* **EXERCISE OBJECTIVE**
Only the lines from the one with "Zamst Knee Supporter, JK" through the last line of the material below belong in the answer, copied exactly and without pictures.

AVAILABLE DATA: Begin

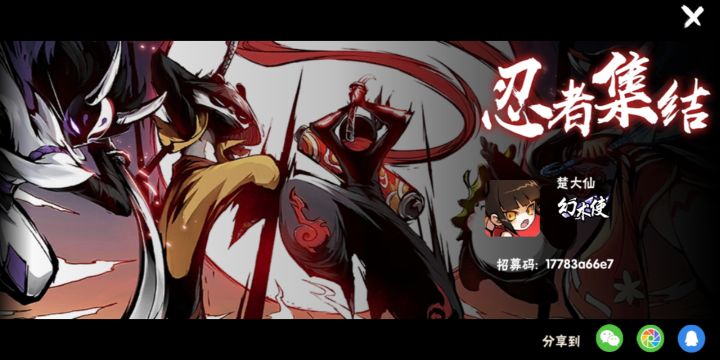 招募码忍者集结截图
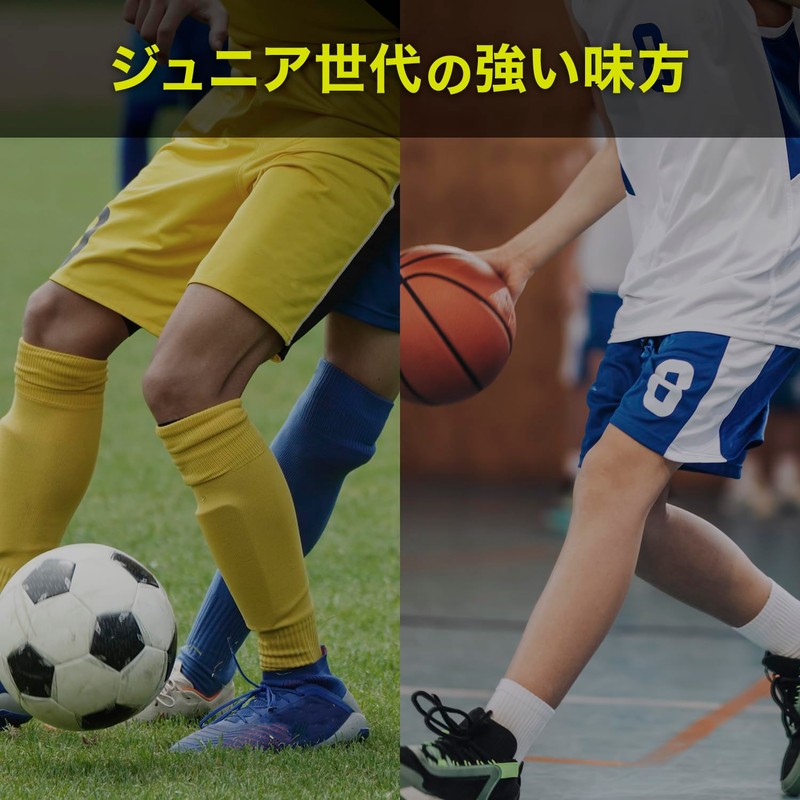 Zamst Knee Supporter, JK Series, Both Left and Right Knee,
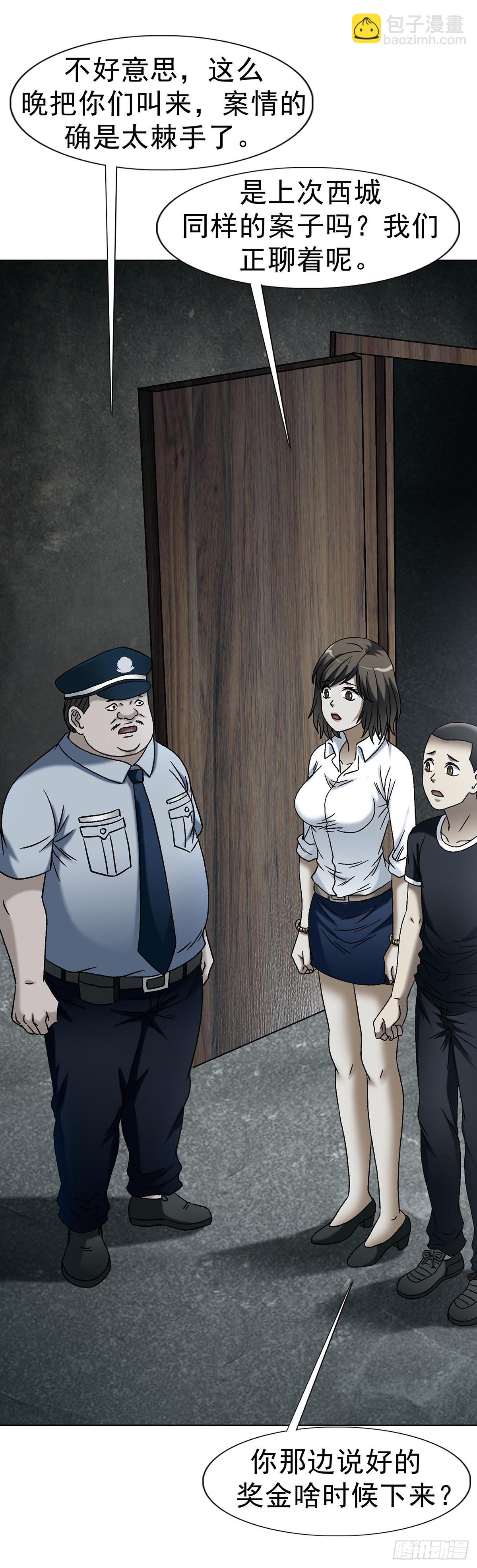 中國驚奇先生（神鬼七殺令） - 1745 萬安妮(1/2) - 7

AVAILABLE DATA: End

* **RESULT BELOW**
 Zamst Knee Supporter, JK Series, Both Left and Right Knee,
 中國驚奇先生（神鬼七殺令） - 1745 萬安妮(1/2) - 7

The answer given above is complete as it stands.